This review first appeared in the Albany Times Union (August 11, 2001)
Hilarious, loving characters in ‘Honeymooners’
Chuck Kinder’s first novel since “The Silver Ghost,” in 1978, “Honeymooners: A Cautionary Tale” ($24; Farrar, Straus and Giroux; 358 pages), is a hilarious, yet unflinching, eyes-against-the-windshield journey through years of booze, drugs, sex, friendships, lies and betrayals in the lives of a pair of promising young writers.
The freewheeling 1970s that Kinder recreates, mostly in the San Francisco Bay area, belong within the literary tradition of the moveable feast Hemingway created out of Paris in the ’20s. Kinder’s writers, Ralph Crawford and Jim Stark, live “like bold outlaw authors on the lam from that gloomy tedium called ordinary life.” Kinder both celebrates and sends up their bravura and recklessness.

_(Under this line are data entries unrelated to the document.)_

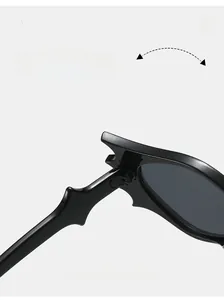 Macro shot of durable metal hinges on bat-shaped hip-hop sunglasses with sleek black finish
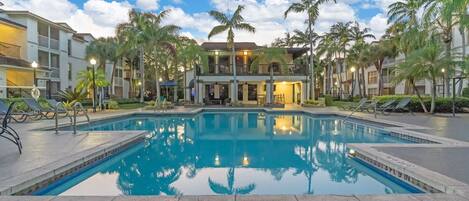A swimming pool with lounge chairs, palm trees, and a building with balconies in the background.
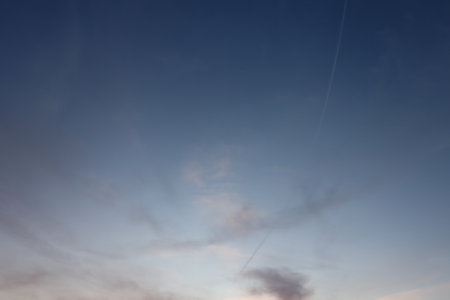 Clear blue sky with airplane contrails and faint evening clouds in Haag in Oberbayern, Germany
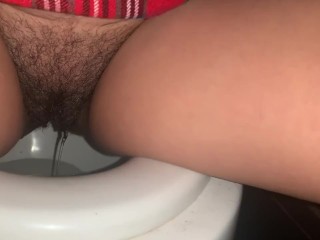 Naughty school girl peeing in the toilet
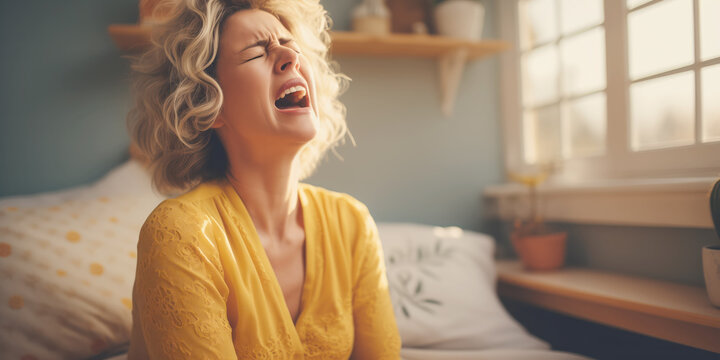 Woman with allergy or flu sneezing at home.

We don’t see Ralph and Jim hunched over typewriters struggling with their craft. We see them swaggering, macho and extreme, picking up women at bars, drinking heavily, smoking pot and letting their experiences provide material for their fictions. Ralph gets investigated for taking unemployment benefits while working as an adjunct professor. Jim does drug deals with a shadowy character named Shorty.
Though their misadventures and the narrator’s habit of telling the story from different character’s points of view, including minor characters, can make the transition from one chapter to the next feel disjointed, that is easily forgiven considering the breadth of territory Kinder covers and his facility with language.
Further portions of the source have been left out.